Could you output every record below exactly, leaving out the pictures?

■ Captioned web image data
◇ ◇ ◇ ◇

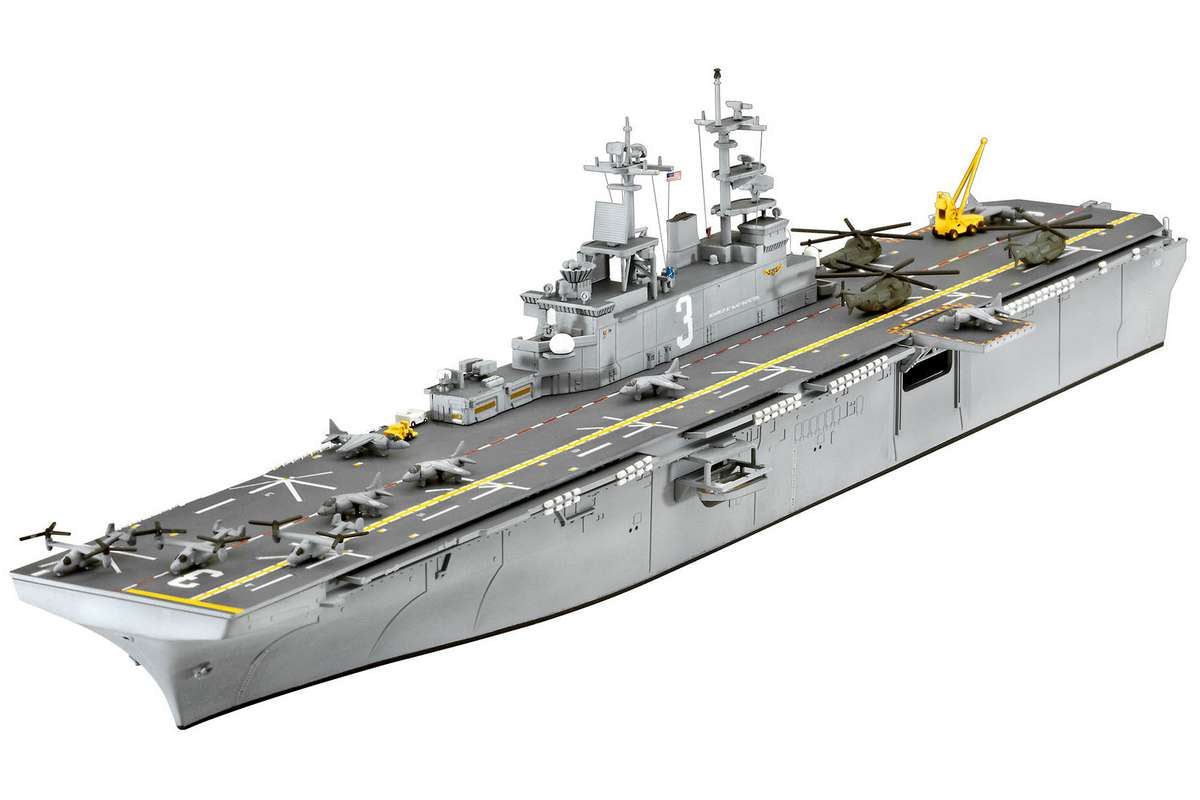 Model Set Assault Carrier USS WASP CLASS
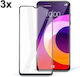 Techwave 5D Пълно лепило Закалено стъкло за цялото лице 3бр Черен (Galaxy A05s)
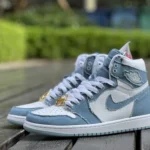 Air Jordan 1 High OG Blue White Sneakers DM9036-104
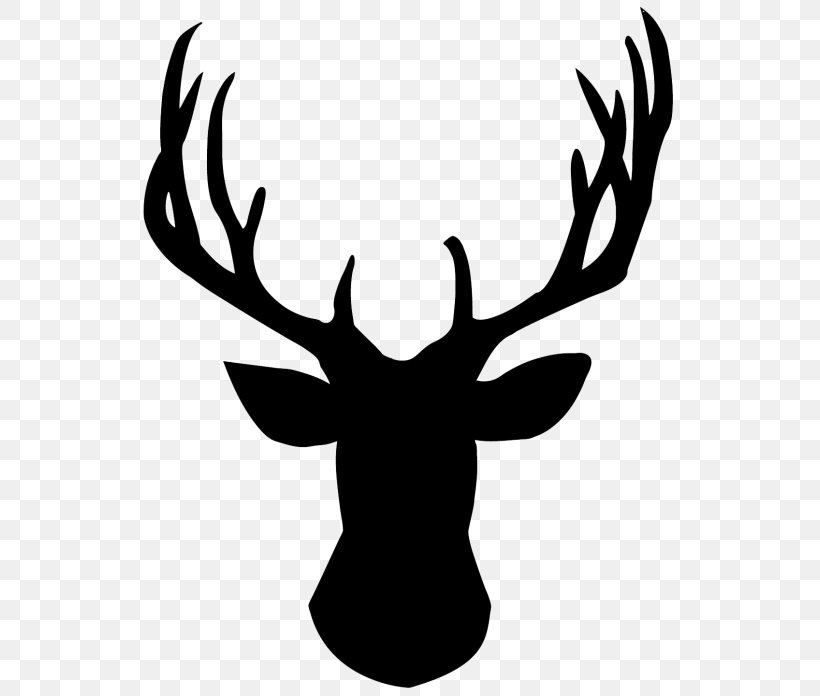 Reindeer Silhouette Clip Art Vector Graphics, PNG, 696x696px, Deer, Antler, Art, Blackandwhite, Drawing Download Free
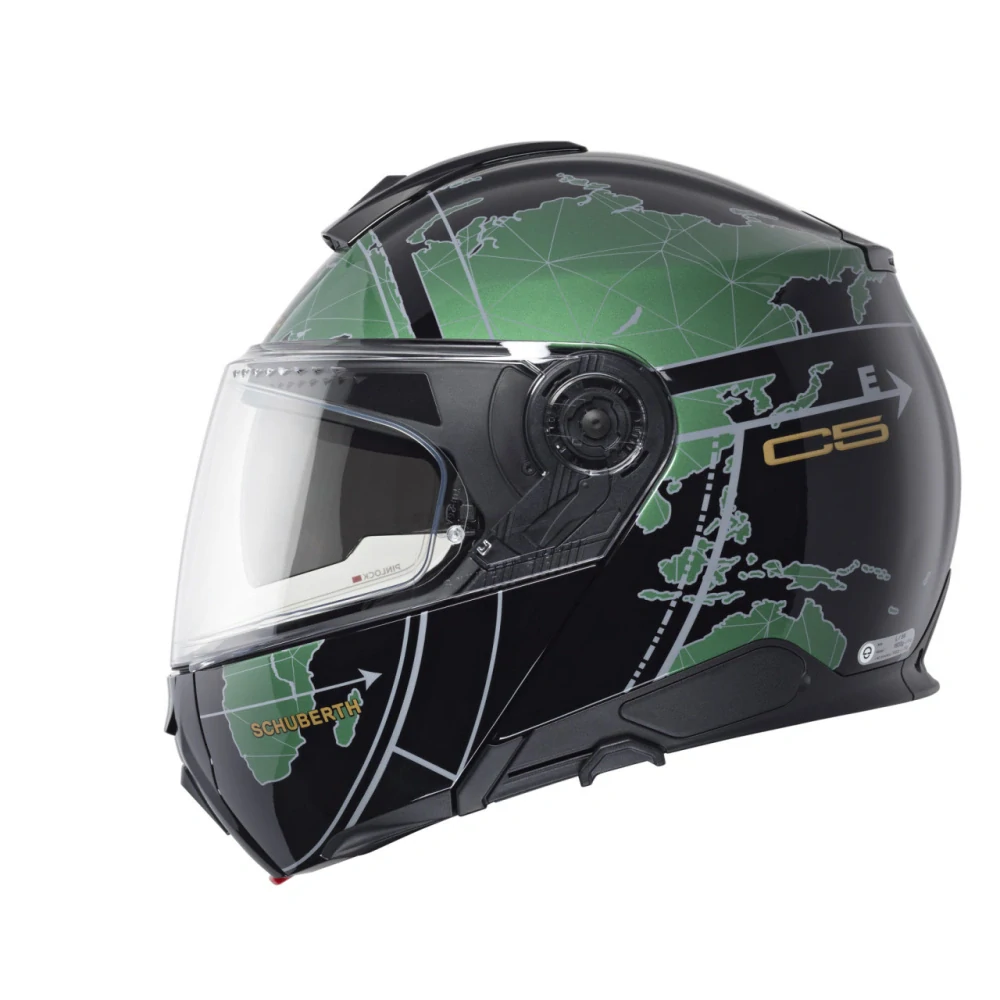 SCHUBERTH Vyklápěcí moto přilba C5 Globe Green 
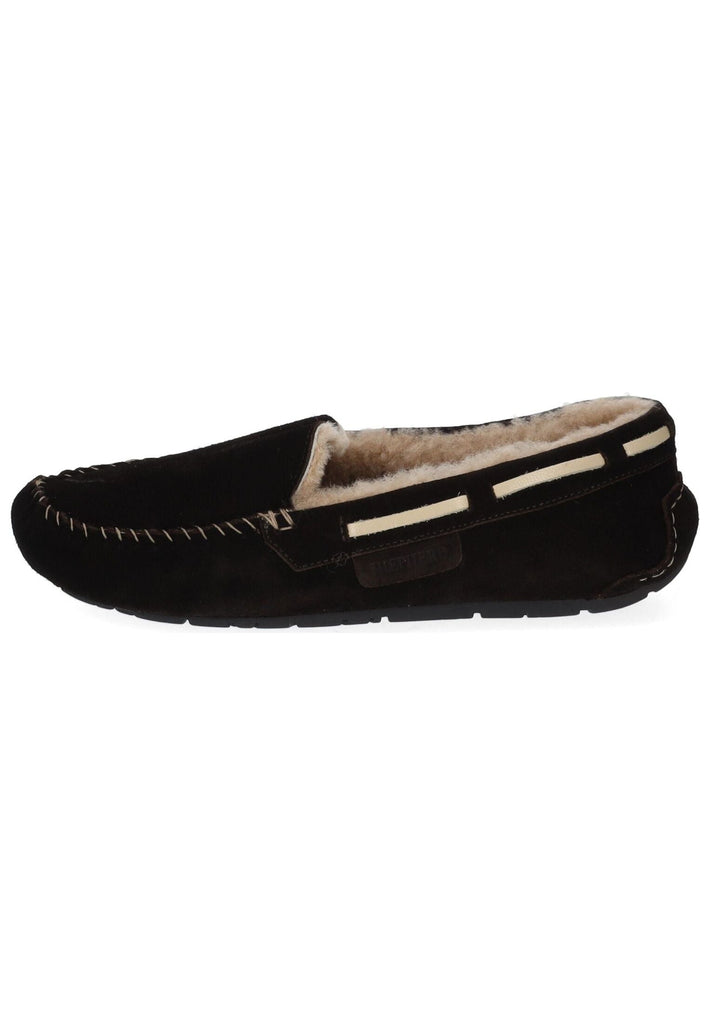 Shepherd Hausschuhe Veloursleder Moro Warmfutter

◇ ◇ ◇ ◇

■ YOUR RESPONSE
 Model Set Assault Carrier USS WASP CLASS
 Techwave 5D Пълно лепило Закалено стъкло за цялото лице 3бр Черен (Galaxy A05s)
 Air Jordan 1 High OG Blue White Sneakers DM9036-104
 Reindeer Silhouette Clip Art Vector Graphics, PNG, 696x696px, Deer, Antler, Art, Blackandwhite, Drawing Download Free
 SCHUBERTH Vyklápěcí moto přilba C5 Globe Green 
 Shepherd Hausschuhe Veloursleder Moro Warmfutter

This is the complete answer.